Sarah Palin’s Political Ugliness

Sarah Palin, appearing on NBC’s Today Show Friday morning, inched a little closer to crazy, arguing that David Letterman owes women an apology for “contributing to the kind of that thread that is throughout our culture that makes it sound like it is OK to talk about young girls in that way, where it’s kind of OK, accepted and funny to talk about statutory rape,” adding that “It’s not cool. It’s not funny.” Palin said that it is time to rise up against Letterman’s brand of humor.

Sarah Palin’s point about Letterman’s humor, whatever it once was, is now lost for a number of reasons, the most obvious that she and her “team” are using this as way to bring back the Alaskan Governor into the daily news cycle – a political maneuver once more at the expense of her children, the very children she claims to be eager to protect from the harsh spotlight of society.

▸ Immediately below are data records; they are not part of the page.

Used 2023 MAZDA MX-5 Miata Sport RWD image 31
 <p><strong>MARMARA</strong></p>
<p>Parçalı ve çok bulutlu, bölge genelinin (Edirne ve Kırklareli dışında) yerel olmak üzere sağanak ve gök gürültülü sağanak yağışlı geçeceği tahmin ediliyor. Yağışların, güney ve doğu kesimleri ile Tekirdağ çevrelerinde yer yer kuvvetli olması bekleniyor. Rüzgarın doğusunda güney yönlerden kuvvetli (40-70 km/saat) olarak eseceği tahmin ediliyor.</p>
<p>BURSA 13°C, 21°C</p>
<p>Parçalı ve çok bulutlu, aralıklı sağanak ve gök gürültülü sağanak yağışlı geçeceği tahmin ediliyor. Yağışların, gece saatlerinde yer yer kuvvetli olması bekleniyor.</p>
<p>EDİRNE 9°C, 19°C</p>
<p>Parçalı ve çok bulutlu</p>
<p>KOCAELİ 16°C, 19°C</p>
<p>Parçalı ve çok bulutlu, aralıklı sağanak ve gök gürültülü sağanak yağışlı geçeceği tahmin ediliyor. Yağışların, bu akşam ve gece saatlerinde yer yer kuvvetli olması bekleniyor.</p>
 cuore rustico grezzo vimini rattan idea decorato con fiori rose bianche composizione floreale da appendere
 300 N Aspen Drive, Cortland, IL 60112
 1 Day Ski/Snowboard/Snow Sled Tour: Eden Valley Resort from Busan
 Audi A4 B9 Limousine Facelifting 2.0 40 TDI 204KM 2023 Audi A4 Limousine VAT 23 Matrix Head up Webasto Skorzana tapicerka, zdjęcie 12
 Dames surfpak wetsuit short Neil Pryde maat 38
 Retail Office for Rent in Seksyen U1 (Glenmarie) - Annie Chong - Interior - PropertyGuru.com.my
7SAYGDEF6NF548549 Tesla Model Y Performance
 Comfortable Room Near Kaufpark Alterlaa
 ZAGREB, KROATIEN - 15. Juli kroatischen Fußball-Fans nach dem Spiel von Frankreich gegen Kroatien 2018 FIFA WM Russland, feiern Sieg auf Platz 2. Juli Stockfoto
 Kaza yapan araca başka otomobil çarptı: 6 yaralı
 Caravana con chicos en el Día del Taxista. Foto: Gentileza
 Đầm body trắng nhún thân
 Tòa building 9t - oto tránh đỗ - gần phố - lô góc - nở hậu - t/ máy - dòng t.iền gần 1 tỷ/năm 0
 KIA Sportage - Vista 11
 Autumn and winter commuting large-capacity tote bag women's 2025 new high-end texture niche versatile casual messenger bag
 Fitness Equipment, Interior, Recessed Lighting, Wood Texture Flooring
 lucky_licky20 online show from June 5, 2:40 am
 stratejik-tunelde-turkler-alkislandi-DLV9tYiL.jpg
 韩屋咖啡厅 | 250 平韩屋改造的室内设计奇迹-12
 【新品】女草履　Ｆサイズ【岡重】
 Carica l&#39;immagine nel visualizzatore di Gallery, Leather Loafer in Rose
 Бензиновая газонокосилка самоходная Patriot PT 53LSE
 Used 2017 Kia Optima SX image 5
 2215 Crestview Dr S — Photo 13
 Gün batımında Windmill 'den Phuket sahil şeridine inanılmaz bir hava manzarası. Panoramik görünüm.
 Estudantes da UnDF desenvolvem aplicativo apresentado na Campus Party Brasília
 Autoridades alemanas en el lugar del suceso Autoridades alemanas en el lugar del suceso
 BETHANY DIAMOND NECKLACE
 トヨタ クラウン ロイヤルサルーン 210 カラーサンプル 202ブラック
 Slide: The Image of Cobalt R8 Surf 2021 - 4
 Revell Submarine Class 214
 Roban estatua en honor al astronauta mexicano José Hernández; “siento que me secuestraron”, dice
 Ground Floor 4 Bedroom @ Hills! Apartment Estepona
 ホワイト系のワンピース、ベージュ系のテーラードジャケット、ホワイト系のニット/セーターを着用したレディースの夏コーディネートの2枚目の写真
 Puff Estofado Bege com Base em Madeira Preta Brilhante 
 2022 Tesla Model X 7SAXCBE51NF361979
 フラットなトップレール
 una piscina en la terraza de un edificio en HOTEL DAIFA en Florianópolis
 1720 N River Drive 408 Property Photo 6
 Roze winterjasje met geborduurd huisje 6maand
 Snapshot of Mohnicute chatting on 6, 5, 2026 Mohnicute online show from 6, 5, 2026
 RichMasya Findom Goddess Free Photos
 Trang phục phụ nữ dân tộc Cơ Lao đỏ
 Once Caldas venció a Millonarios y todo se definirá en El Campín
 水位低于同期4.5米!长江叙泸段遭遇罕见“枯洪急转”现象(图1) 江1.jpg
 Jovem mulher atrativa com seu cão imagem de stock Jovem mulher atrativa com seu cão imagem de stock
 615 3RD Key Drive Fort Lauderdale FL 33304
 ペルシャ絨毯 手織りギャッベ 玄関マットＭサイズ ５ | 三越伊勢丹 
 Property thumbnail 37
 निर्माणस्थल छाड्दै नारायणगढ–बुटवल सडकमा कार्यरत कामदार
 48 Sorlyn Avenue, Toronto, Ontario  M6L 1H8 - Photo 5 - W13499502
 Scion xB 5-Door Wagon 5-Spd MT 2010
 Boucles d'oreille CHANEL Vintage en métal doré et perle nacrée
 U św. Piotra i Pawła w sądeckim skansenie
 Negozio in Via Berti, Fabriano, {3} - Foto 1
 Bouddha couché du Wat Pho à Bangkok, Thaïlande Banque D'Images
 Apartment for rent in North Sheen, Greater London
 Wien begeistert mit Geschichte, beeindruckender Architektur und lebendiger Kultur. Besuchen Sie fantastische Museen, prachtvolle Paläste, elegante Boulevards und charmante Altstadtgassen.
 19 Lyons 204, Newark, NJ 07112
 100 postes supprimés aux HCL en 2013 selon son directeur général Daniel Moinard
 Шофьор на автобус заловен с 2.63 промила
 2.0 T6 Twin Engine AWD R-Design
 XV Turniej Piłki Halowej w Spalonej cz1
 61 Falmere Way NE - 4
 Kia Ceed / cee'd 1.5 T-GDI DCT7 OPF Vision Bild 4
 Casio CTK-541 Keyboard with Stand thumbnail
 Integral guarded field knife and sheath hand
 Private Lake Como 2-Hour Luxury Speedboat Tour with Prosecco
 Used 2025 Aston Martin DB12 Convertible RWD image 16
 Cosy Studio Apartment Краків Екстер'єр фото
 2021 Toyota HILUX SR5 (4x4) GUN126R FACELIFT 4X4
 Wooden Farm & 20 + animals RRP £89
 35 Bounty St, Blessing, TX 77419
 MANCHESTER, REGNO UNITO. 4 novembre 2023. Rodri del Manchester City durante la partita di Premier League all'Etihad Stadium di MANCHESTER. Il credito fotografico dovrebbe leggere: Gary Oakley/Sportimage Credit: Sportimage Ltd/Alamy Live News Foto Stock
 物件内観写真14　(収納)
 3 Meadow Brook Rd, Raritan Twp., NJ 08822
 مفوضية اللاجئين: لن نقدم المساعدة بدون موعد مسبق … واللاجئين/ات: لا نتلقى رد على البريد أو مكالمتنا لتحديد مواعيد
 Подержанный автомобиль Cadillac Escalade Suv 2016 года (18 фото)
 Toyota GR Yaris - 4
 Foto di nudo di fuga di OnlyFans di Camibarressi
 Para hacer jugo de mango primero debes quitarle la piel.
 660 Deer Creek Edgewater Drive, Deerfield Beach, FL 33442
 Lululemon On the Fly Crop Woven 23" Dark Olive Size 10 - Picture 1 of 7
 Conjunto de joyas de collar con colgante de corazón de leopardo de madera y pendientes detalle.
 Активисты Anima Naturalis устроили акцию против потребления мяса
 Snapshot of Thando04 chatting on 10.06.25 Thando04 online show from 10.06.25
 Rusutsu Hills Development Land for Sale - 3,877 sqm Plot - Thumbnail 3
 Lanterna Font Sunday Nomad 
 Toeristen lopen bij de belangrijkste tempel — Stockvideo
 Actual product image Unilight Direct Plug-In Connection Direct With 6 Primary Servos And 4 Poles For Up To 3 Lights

It is horrid, her kind of cynicism masquerading as concern, and ought to serve as a reminder that the middle-class mainstream deportment of Sarah Palin is a rather conveniently contrived act meant to collect political currency and absolutely nothing more. Letterman, whom by his own admission, makes jokes that are often not funny and cannot be defended, offered an apology, a rather stunning gesture by a comedian given that comedian rarely, if ever at all admit to be contrite about an attack, and rather than accept it, which would have been to Palin’s credit, she uses it to distract the public not only from the Republican party that is now a ghost of what it once was, and her own political missteps, one – charges of plagiarism for stealing something Newt Gingrich said, as recent as late last week. Letterman’s jokes may have been ugly, but it is Sarah Palin’s character that is clearly ugly.